Combine the fractions:

\(\frac{2\cos^2 x - 1 - 2\cos^2 x}{2\sin x \cos x} = \frac{-1}{2\sin x \cos x} = \frac{-1}{\sin 2x} = -\csc 2x\).

Thus, \(\cot x - \cot 2x = \csc 2x\).

(ii) The indefinite integral of \(\cot x\) is \(\ln |\sin x|\).

Evaluate \(\int_{\frac{1}{6}\pi}^{\frac{1}{4}\pi} \cot x \, dx = \left[ \ln |\sin x| \right]_{\frac{1}{6}\pi}^{\frac{1}{4}\pi}\).

Substitute the limits:

\(\ln |\sin \frac{1}{4}\pi| - \ln |\sin \frac{1}{6}\pi| = \ln \frac{\sin \frac{1}{4}\pi}{\sin \frac{1}{6}\pi}\).

\(\sin \frac{1}{4}\pi = \frac{\sqrt{2}}{2}\) and \(\sin \frac{1}{6}\pi = \frac{1}{2}\).

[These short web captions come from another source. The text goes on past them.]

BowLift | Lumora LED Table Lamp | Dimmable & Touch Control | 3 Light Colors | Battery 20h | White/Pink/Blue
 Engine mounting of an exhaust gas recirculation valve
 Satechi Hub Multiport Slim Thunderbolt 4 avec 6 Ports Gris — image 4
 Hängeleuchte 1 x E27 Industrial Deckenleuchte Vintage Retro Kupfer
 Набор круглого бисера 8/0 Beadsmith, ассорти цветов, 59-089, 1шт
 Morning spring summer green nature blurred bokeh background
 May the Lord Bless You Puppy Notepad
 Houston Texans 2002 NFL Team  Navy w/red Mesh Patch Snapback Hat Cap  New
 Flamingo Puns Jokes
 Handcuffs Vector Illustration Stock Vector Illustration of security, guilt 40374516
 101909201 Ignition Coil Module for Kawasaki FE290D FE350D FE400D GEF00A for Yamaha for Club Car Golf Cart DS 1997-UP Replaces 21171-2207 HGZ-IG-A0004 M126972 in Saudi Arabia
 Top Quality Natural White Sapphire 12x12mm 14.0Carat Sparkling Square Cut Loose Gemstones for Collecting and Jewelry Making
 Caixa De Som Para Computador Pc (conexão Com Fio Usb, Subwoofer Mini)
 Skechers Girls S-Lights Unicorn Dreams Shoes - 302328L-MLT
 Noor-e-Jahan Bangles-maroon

\(\ln \frac{\frac{\sqrt{2}}{2}}{\frac{1}{2}} = \ln \sqrt{2} = \frac{1}{2} \ln 2\).

(iii) The indefinite integral of \(\csc 2x\) is \(\frac{1}{2} \ln |\tan x|\).

Evaluate \(\int_{\frac{1}{6}\pi}^{\frac{1}{4}\pi} \csc 2x \, dx = \left[ \frac{1}{2} \ln |\tan x| \right]_{\frac{1}{6}\pi}^{\frac{1}{4}\pi}\).

Substitute the limits:

\(\frac{1}{2} \ln |\tan \frac{1}{4}\pi| - \frac{1}{2} \ln |\tan \frac{1}{6}\pi| = \frac{1}{2} \ln \frac{\tan \frac{1}{4}\pi}{\tan \frac{1}{6}\pi}\).

\(\tan \frac{1}{4}\pi = 1\) and \(\tan \frac{1}{6}\pi = \frac{1}{\sqrt{3}}\).

\(\frac{1}{2} \ln \frac{1}{\frac{1}{\sqrt{3}}} = \frac{1}{2} \ln \sqrt{3} = \frac{1}{4} \ln 3\).